Pero qué dicha era llegar a la Avenida 1312, a ese edificio antiguo, de finales del porfiriato. Entrar y escuchar obras de Richard Strauss, de Bach, de Tchaikovsky —su Cuarta Sinfonía, en particular. Y nunca olvidaré los domingos: entrar puntualmente a las 9:30 a.m., cuando todo era quietud y armonía, mientras sonaban Las cuatro estaciones de Vivaldi de fondo.

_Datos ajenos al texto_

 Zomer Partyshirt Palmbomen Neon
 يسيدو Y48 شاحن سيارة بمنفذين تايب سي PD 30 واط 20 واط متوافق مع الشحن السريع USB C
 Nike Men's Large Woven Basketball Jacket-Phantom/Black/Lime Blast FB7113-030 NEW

Ese universo —el de los libros, la música, la palabra— no solo cultivó en mí un gusto profundo por la cultura, sino que se convirtió en un refugio, en un mundo paralelo al “real”. Un mundo donde también habitan personajes reales, como M., quien me ha mostrado la nobleza de ese entorno. A través de su generosidad, he recibido no solo conocimientos que hoy conforman lo que soy, sino también una profunda conexión espiritual. Lo admiro con cierta devoción: a sus 70 años, sigue siendo un soñador, un apasionado que contagia entusiasmo y alimenta el alma.

Trabajé, aprendí. Descubrí cómo se debe tratar un libro: desde la delicadeza con la que se limpia, cómo se abre una caja sin dañar su contenido, hasta la forma de gestionar negocios en el mundo editorial. Con el tiempo, y gracias a esas herramientas, logré capturar un poco de la esencia que tanto admiro de M., quien con firmeza cuando fue necesario, pero sobre todo con paciencia, me mostró no sólo ese mundo, sino su mundo. Me lo ofreció con generosidad, la misma que hoy vive en mí, en lo más profundo de mi corazón.

Gracias a todo ello, logré escapar de algunos verdugos que me tenían atrapada —quizá de forma inconsciente. Y digo “algunos” porque no siempre se puede huir de todos; hay quienes deben ser desencriptados con los años. De eso trata también la vida.

Hoy quiero agradecer públicamente a M., a quien cariñosamente llamo “papá”, y quien en el mundo literario es mejor conocido como Mauricio Alarcón, uno de mis más grandes mentores.

Gracias por tanto.
Y gracias también, hipócrita lector.